Reputation: 33
I am trying to load a tab separated file containing two timestamp columns and generate a calculated column which is the difference (in days) between one of the columns and current timestamp. I have applied the registerTempTable() method on the RDD to convert it into a SchemaRDD. After that I have pretty much hit the wall as all subsequent operations depend on this datediff calculated field.
Here is what I have done so far. Thanks for the help !
import org.apache.spark.SparkConf
import org.apache.spark.SparkContext
import org.apache.spark.SparkContext._
val conf = new SparkConf().setMaster("local[2]").setAppName("CookieSummary")

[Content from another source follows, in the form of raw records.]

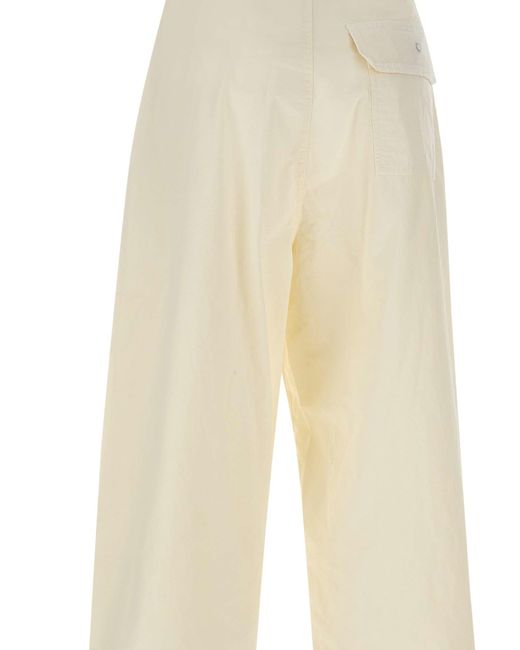 Autry White Main Wom Apparel Trousers Cotton Poplin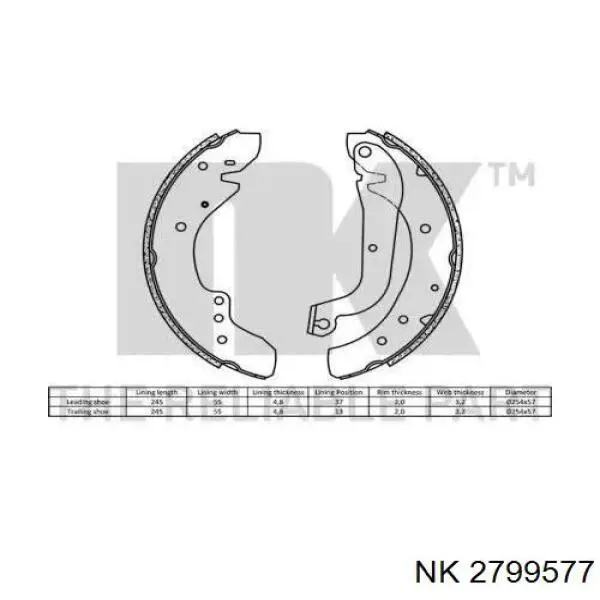 Колодки гальмові задні, барабанні 2799577 NK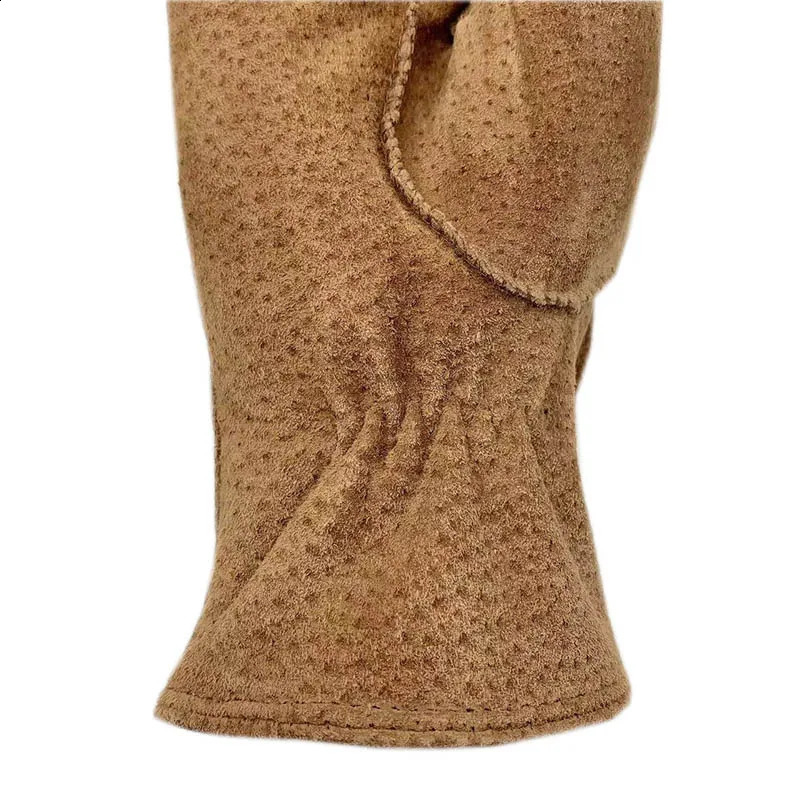 Winter Mens and Womens Fashion Leather Gloves Light Brown Leather Genuine Hair Machine Sewing Womens Leather Gloves 241226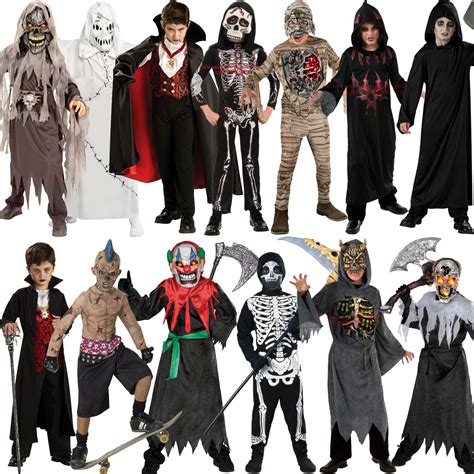 Boys Halloween Outfit Mask Scary Fancy Dress Costume Movie Kids Ghoul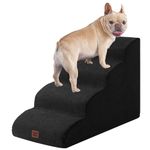 EHEYCIGA Curved Dog Steps for Bed, 4-Step Dog Stairs for Sofa, High Density Foam Pet Steps for Small Dogs and Cats, Pet Stairs for High Bed, Non-Slip Dog Ramp with Washable Cover, 72x40x50cm, Black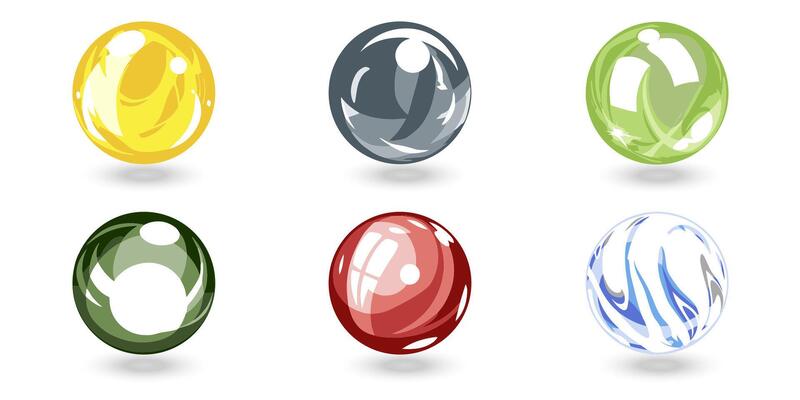 Glass colored balls. Set of glass balls. illustration.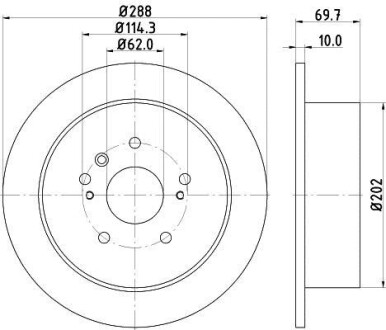 Тормозной диск зад. lexus rx 03-08 3.0-3.5 (pro) HELLA PAGID 8DD355114-991 (фото 1)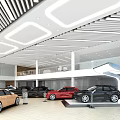 Modern 4S Store Showroom with Multiple Cars Display Area Bright Lighting and White Ceiling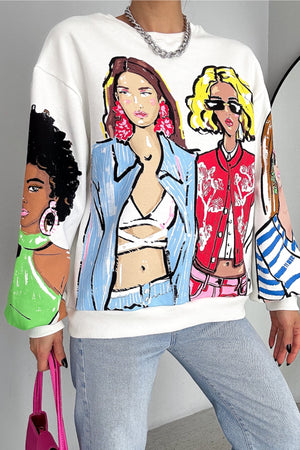 Kadın 3 İplik Şardonlu Baskılı Oversize Pamuk Sweatshirt - Beyaz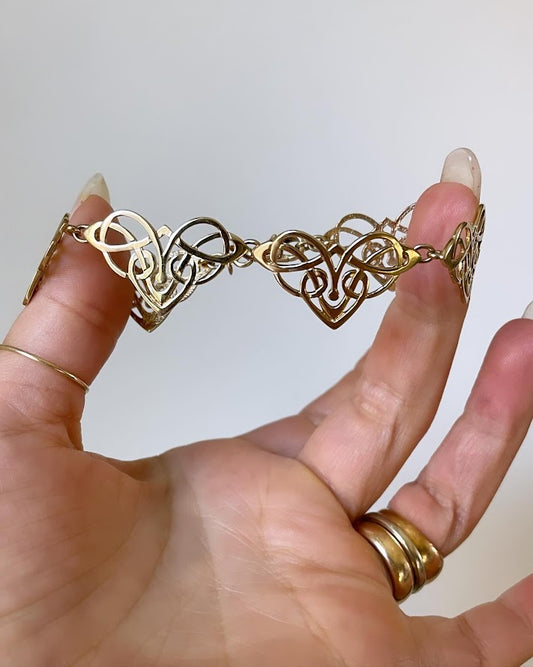 Celtic Open Heart Solid Gold Bracelet- 11.9g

val sc = new SparkContext(conf)
val sqlContext = new org.apache.spark.sql.SQLContext(sc)
import sqlContext.createSchemaRDD
case class CookieDates(CLPartnerSyncCreateDT: String, CookieSyncRequestDT: String)
val cookies = sc.textFile("/Users/shubhro/Documents/dataFiles/clean/worker1.01012015.1420081201_sub.tsv").map(_.split("\t")).map(p => CookieDates(p(0), p(1)))
cookies.registerTempTable("cookies")
val allCookies = sqlContext.sql("SELECT CAST(CLPartnerSyncCreateDT AS TIMESTAMP),CAST(CookieSyncRequestDT AS TIMESTAMP) FROM cookies")
allCookies.collect().foreach(println)
Upvotes: 1
Views: 2958
Reputation: 171
In Spark 1.5.0 a built-in function introduced:
https://issues.apache.org/jira/browse/SPARK-8185
Upvotes: 2
Reputation: 6693
Which version of spark are you using? I notice you use SchemaRDD
, it's a notion that has been replaced in Spark 1.3.0 by DataFrame
.
What you need here is to Define an User Defined Function
and use it in sql(...)
In Spark 1.2.0:
val x = new TimeStamp(...) // The base time you want to diff
registerFunction("dateDiff", (arg: TimeStamp) => (arg - x))
sql("select dateDiff(col_name_here) from cookies")
After Spark 1.3.0: see dataFrame notion on UDF usage
Upvotes: 0